Woman of Courage–a glimpse of Quakers in 1837
Woman of Courage
by Wanda E. Brunstetter
Author Wanda E. Brunstetter is best known for her fiction books about the Amish. In Woman of Courage, she departs from that focus to write a work of historical fiction whose main character is a Quaker. Amanda Pearson, rejected by her fiancé in New York in 1837, decides to move across the continent to join a missionary couple ministering to the Nez Percé Indians in the Oregon Territory. The first part of her journey is by steamboats and then wagon. At Fort Laramie, she and her father meet up with the guide who is hired to take them the rest of the way by horseback.
Amanda is unprepared for the adventures to come, but she proves to be resilient, courageous, and of strong faith. On her journey she faces the deaths of those she depends on, wild animals, rough mountain men, and Indians from several tribes. Will she make it all the way to Oregon Territory? Can she be dissuaded from her faith in God by the devastations in her life? Will she ever be able to love again?
Brunstetter has researched the time period. She doesn’t fall back on stereotypes for the Quakers, mountain men, or Indians, but portrays them as individuals. This is a Christian book, but it doesn’t play out as a tale where everything works out with magical perfection for the characters who are Christians. They experience internal turmoil and external dangers like nonbelievers, but they have a strong God to rely on during the good times and the bad.
Several times I found myself reading on past my intended stopping place—always a good sign for a book. There are a number of occurrences that I just didn’t predict which keep the book moving at a brisk pace. The characters are well developed and interesting. The various settings are described in detail, appropriate to the action in the book and with language that lets the reader visualize the grandeur of nature. A novel with a Christian theme, it contains history, romance, and action along with thought-provoking concerns about evangelizing other cultures.
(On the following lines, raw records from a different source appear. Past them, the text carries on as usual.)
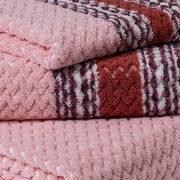 Turkish Towel Collection Chevron Rosy Pink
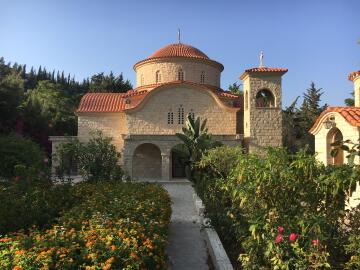 the monastery of st. george alamanou. cyprus, limassol. built in the 12th century, yet looks as new as ever!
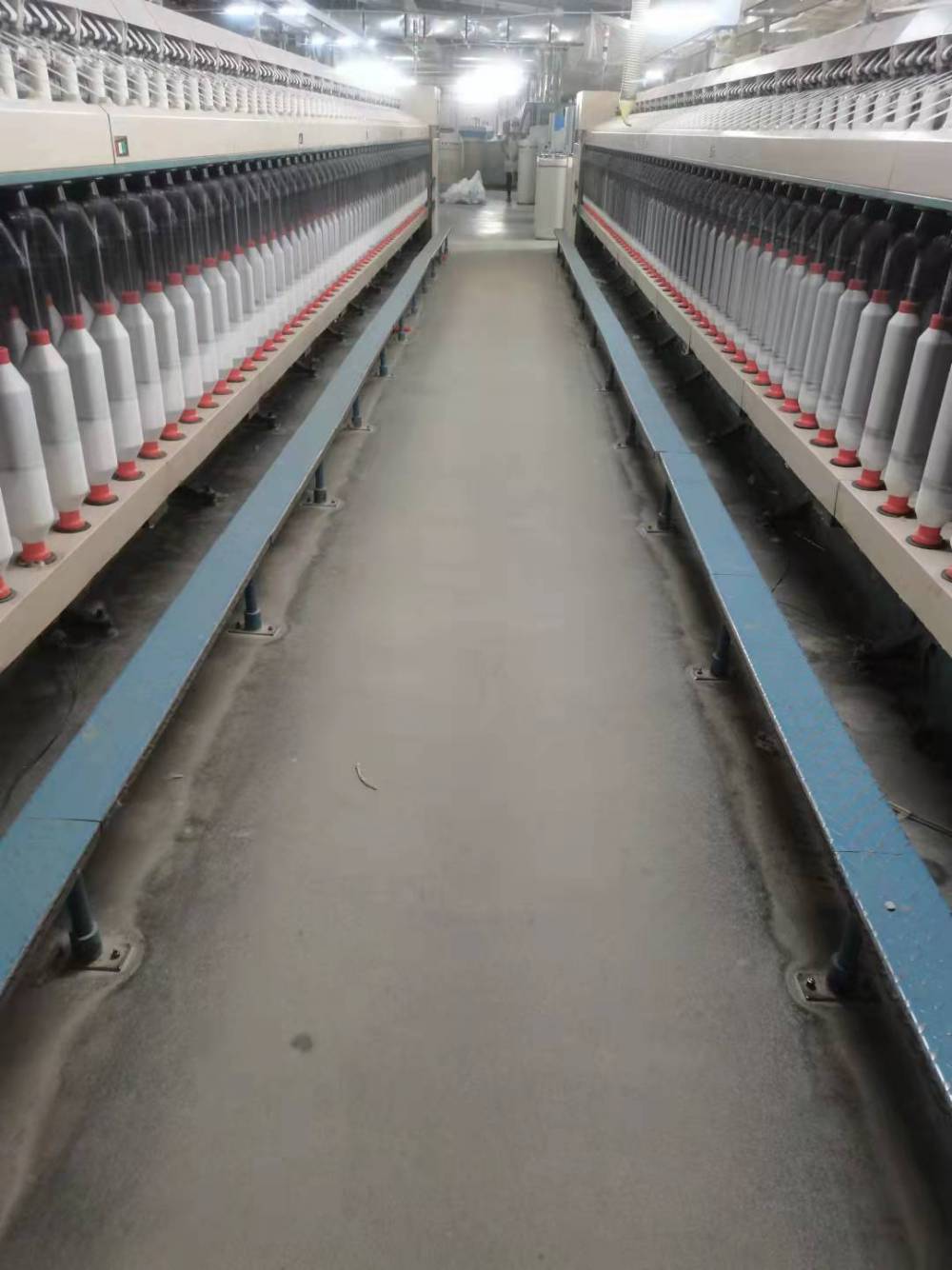 32支大化涤纶纱村田涡流纺纺纱工艺生产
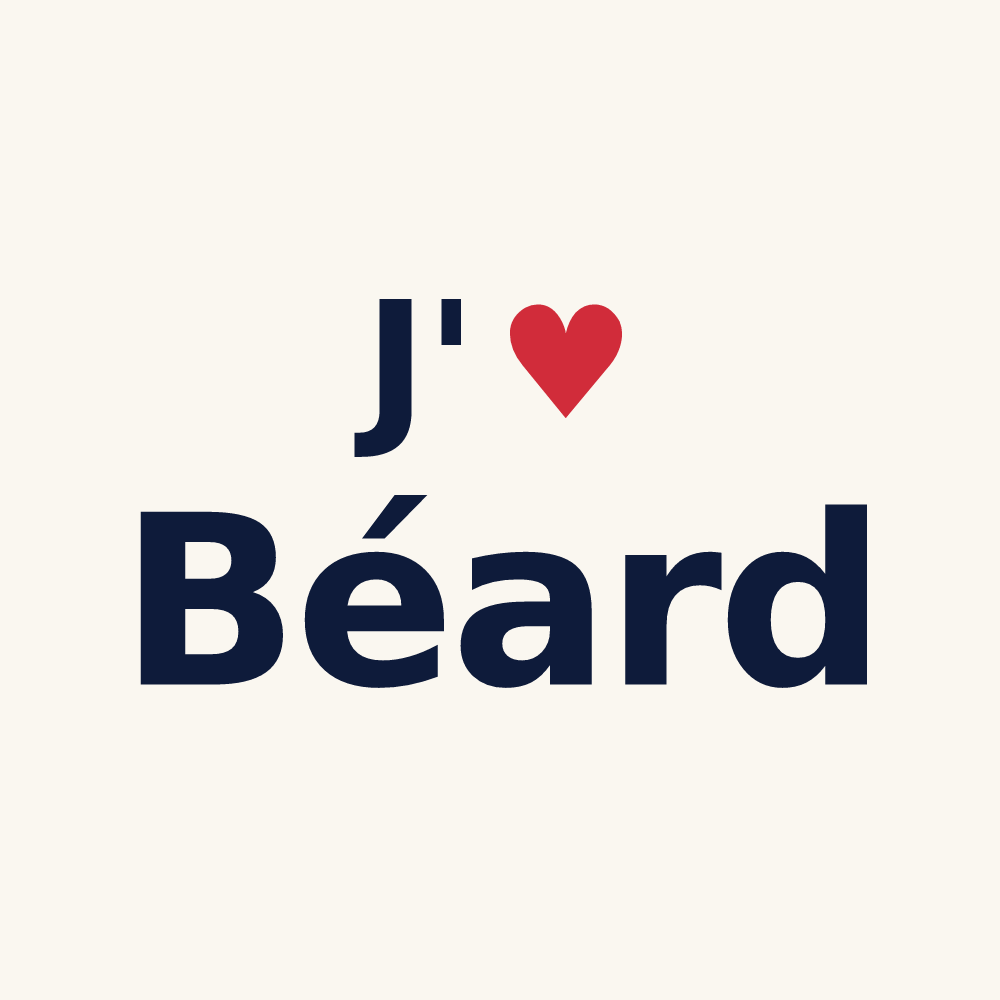 Tasse personnalisée Béard — design J'aime Béard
I would like to extend my thanks to netgalley.com and to Barbour Publishing (Shiloh Run Press) for giving me the opportunity to read this book in exchange for an honest review.
Category: Christian, Historical Fiction
Notes: There are discussion questions at the end of the book. My version also contained a novella, Woman of Hope, based on a characters from Woman of Courage. It is a quick, interesting bonus read, and as expected, because of the brevity of the work, does not hold much character development.
Publication: December 1, 2018— Barbour Publishing (Shiloh Run Press)
Gray Eagle didn’t mind them teaching his people from the Bible, but it wasn’t right that they expected the Nez Percé to give up many of their customs in favor of the white man’s way of doing things.
She remembered her father saying once that it was important to forgive someone who had wronged you, but that forgiving didn’t mean you had to be in a relationship with them. Sometimes it was best to keep a safe distance from the person who had done you wrong.
“…God, who I believe is the same as the Great Spirit we have worshiped for so many years. I believe it was God who kept me alive when I was taken from my people. He got me through times when I didn’t think I would survive, and it was Him who brought me home again.”